Matthew Swynnerton takes a closer look at the revised Takeover Code and its implications for pension schemes

The Takeover Code is a set of rules and principles produced by the Panel on Takeovers and Mergers. It set out an orderly framework for the conduct of takeovers to which the code applies, and is designed to ensure shareholders are treated fairly. The panel effected a number of amendments to the code in relation to the role of pension scheme trustees in takeovers, following a consultation on proposed changes to the code undertaken by the panel in July 2012.

The proposed changes were intended to broadly offer trustees of an offeree company’s pension similar rights to those afforded to an offeree company’s employee representatives. The consultation also intended to create a framework for the impact of the offer on the pension scheme to become a debating point during the course of the offer.

But not every proposal was accepted, and this article reviews the changes to the code.
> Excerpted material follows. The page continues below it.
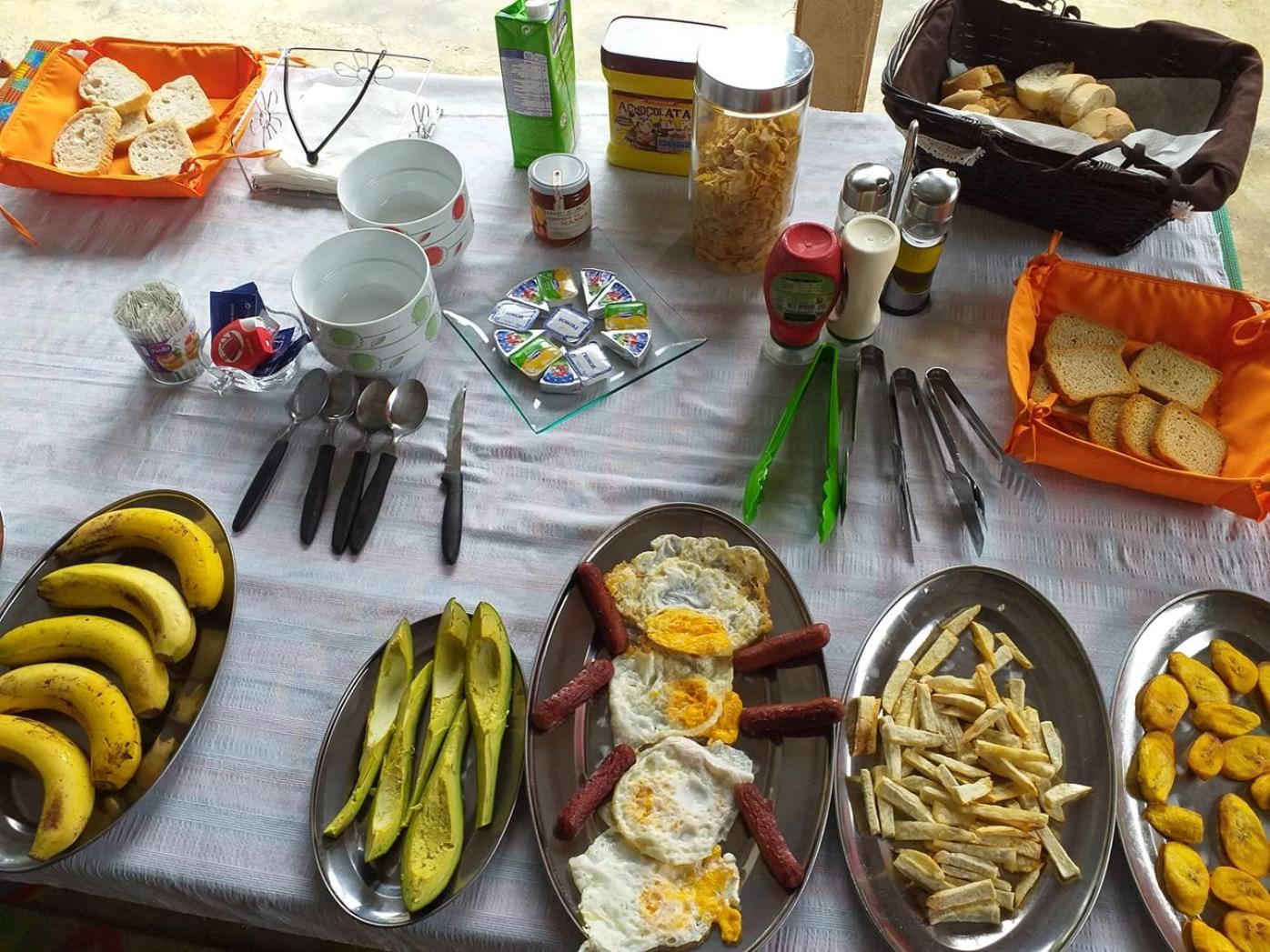 Photo 43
Which schemes are covered?
The new provisions of the code apply to any occupational pension scheme that:
• is a funded scheme sponsored by the offeree or any of its subsidiaries, including partly-owned subsidiaries
• provides pension benefits, some or all of which are on a defined benefit basis
• has trustees (or, in the case of a non-UK scheme, managers)
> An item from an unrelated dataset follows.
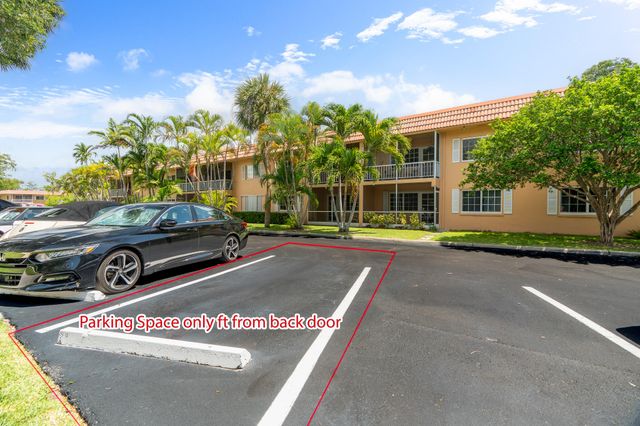 1940 NE 2nd Avenue 106j, Wilton Manors, FL 33305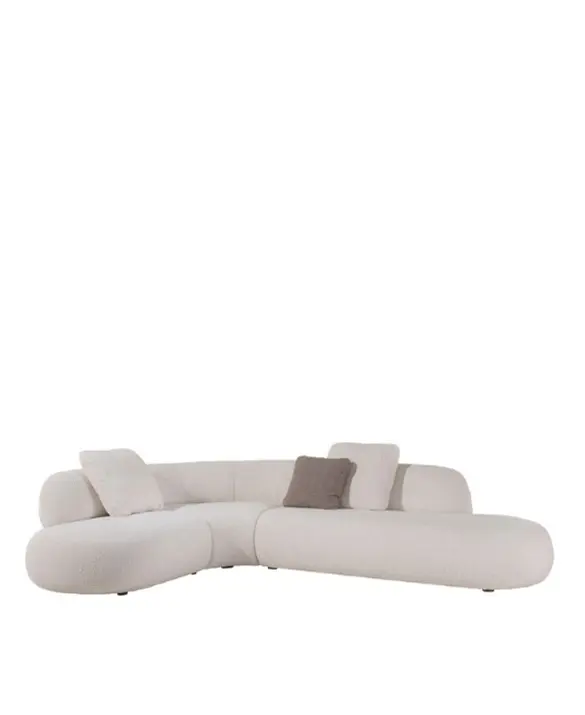 BALANCE modular sofa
What information must trustees receive?
The code now requires trustees to be provided with:

• financial information on the offeror
• details of how the offer is being financed
• appropriate disclosures of the offeror’s intentions with regard to the pension scheme

Offerors are now also required to state their intentions with regard to:

• employer contributions into the pension scheme (including the current arrangements for the funding of any scheme deficit)
• the accrual of benefits for existing members of the scheme
• the admission of new members to the scheme

However, the revisions stopped short of requiring an offeror to provide statements on how the proposed transaction will impact on the employer covenant.

Do trustees get a say on the offer under the code?
Certain announcements relating to the offer, the offer itself and the circular the board of the offeree company publishes, setting out its views on the offer, will have to be made available to the trustees. Trustees have a right to state their opinion on the effects of the offer on the scheme.

Whilst the right to express an opinion is said to be limited to the effect of the offer on the scheme, the code does not restrict trustees from also opining on the offeror’s intentions regarding the pension scheme (as described above), or on other matters, such as the impact on the employer covenant.

Who covers the costs of a trustee opinion?
While the offeree is responsible for the costs of publishing the trustees’ opinion, neither the offeror nor the offeree is responsible for the costs incurred by trustees in preparing and verifying
the opinion.

Can trustees enter into an agreement with the offeror?
Although the code usually prohibits offer-related agreements without panel consent, agreements between trustees and the offeror are now permitted where the agreement concerns scheme funding.

How does the code relate to moral hazard and clearance applications?
A proposal requiring the panel to refer certain matters to The Pensions Regulator (TPR) was rejected on the grounds that clearance is a voluntary process and therefore clearance applications remain a separate consideration.

What happens next?
The new code provisions came into effect on 20 May 2013. Trustees of relevant schemes should be mindful of the code’s new provision in the event of a takeover. While TPR’s moral hazard powers and its emphasis on engagement with trustees will ordinarily mean that the offeror and offeree would enter into discussions with the trustees in any event, trustees may nevertheless find it useful that the need to provide information and to engage with them has now been formalised in the code.